The important thing is for you to identify all the possible people who might be willing and able to help you. You don’t have to wait for an emergency to ask for help. It’s a good idea to talk to people and find out what they’re willing and able to do for you. That way, you’ll know in advance if you have a place to stay, where to go for help with money, or a safe person who can keep copies of important papers for you.
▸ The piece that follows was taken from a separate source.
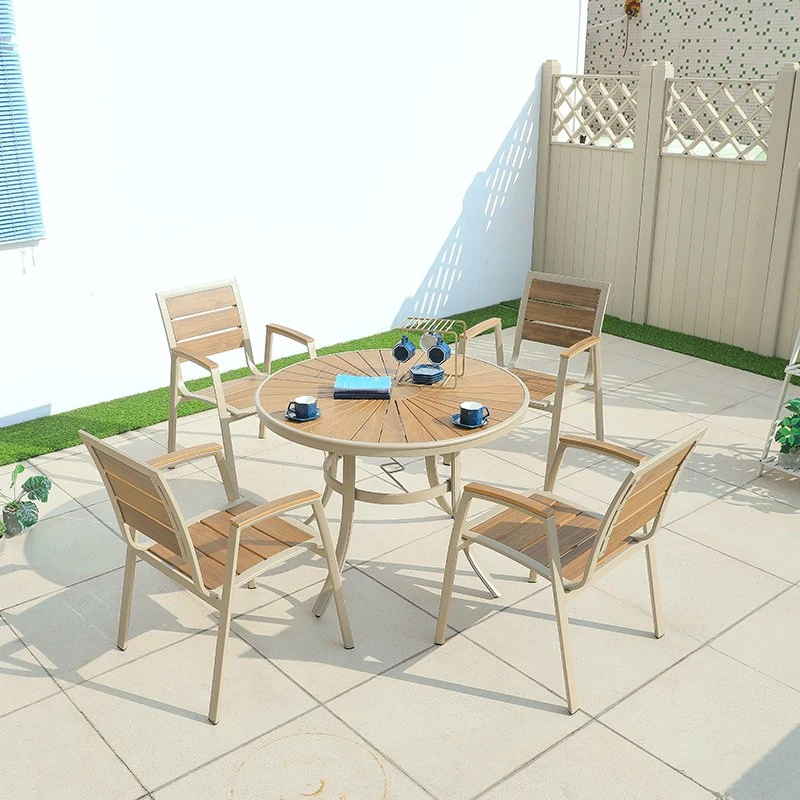 Patio Courtyard Outdoor Garden Plastic Wood Furniture Dining Chair and Table Set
If it is safe for you to do so, you may want to make a list with their phone numbers so that you’ll have it in case of an emergency. If you don’t know where to go in your community, you can call the NYS Domestic and Sexual Violence Hotline for information about a program in your community.Most people really do want to help.
The more specific you can be, the more likely it is that you’ll get the help you need. Sometimes the people you trust may mean well and offer you suggestions that don’t seem right to you. You will have to decide if this information is best for you. It’s your call.